Ellig suggests that the SEC add another table to the new proxy disclosures—a table that would quantify total pay received in a given year.

The First Wave of Suggestions

Even before proxy statements reflecting the new disclosure format have begun reaching shareholders, HR executives and other experts have started to make recommendations in several areas:

Provide employee education. Given the possibility that employees will react to the new executive compensation disclosures with confusion or even anger, it makes sense to communicate the new regulations’ key points before the first proxy statement appears.

“Many employees will see a lot of zeroes in the proxy statement and not quite know what to do with those numbers,” Hellerman says. “This is a wonderful opportunity for the organization to explain to its employees how compensation works.”

Hellerman suggests that HR executives share portions of the proxy language with a trusted focus group to identify the sorts of questions and reactions the information may spark. Use those insights to craft an internal communication that paves the way for the proxy.
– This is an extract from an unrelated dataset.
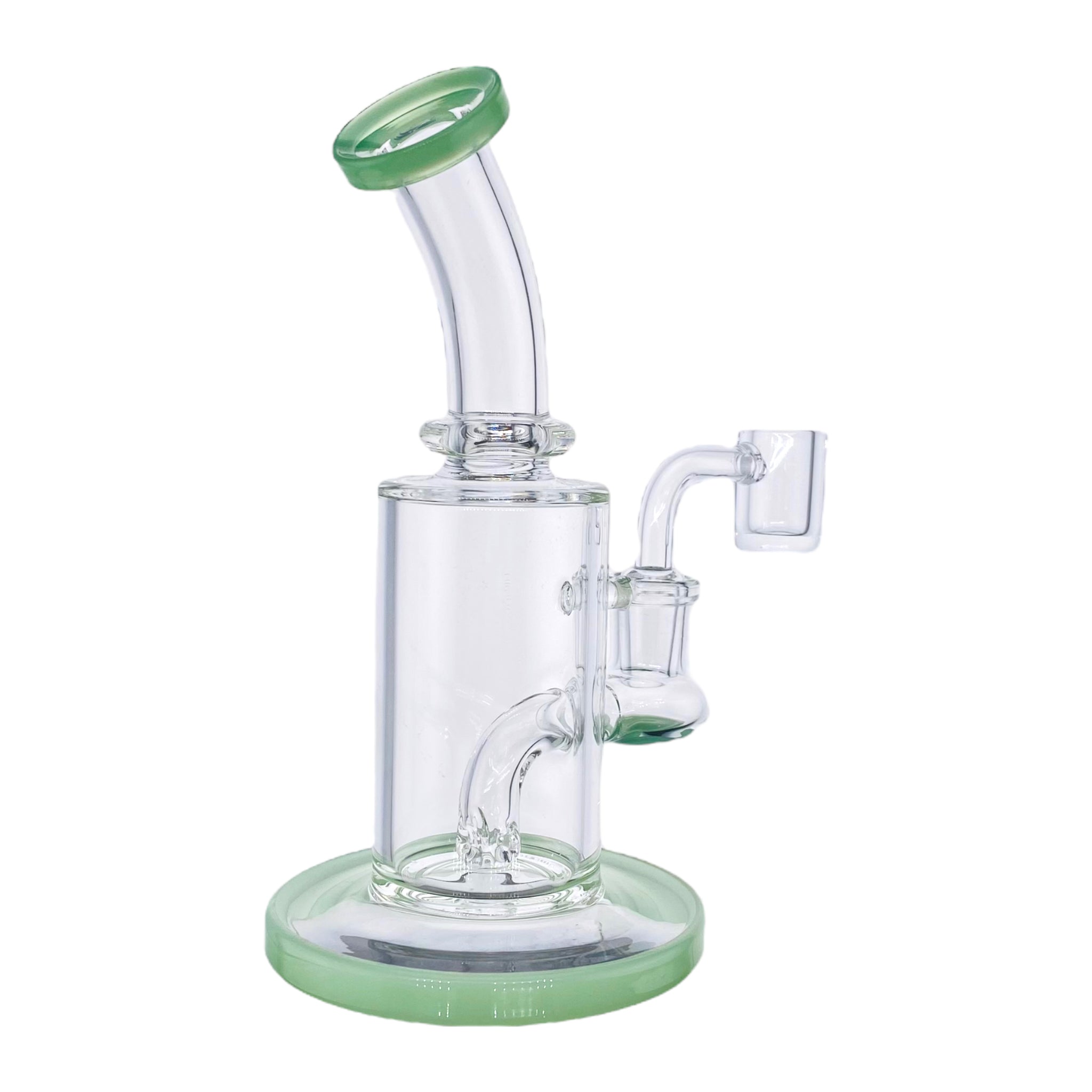 cute Mini Dab Rig With Jade Green Mouthpiece and Base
Ensure management collaboration. Get top executives together and talking about executive compensation—the sooner, the better—some say. The first step Hauder advises clients to take in complying with the new rules is to assemble a team of executives and outside experts who can gather and analyze all of the information required for the tables, the accompanying narratives and the CD&A.

Emphasize the need for quick action. Hanselman of Baker Hostetler cites an example of how long it can take to resolve compensation issues. She recently worked with a compensation committee to introduce a new feature to an existing design. The process took nearly 12 months, she says, because “every tweak the comp committee made in the interest of sound corporate governance affected accounting processes and the company’s financial statements. … I think there has to be a lot more communication on executive compensation among the top HR, finance and accounting, and legal executives.”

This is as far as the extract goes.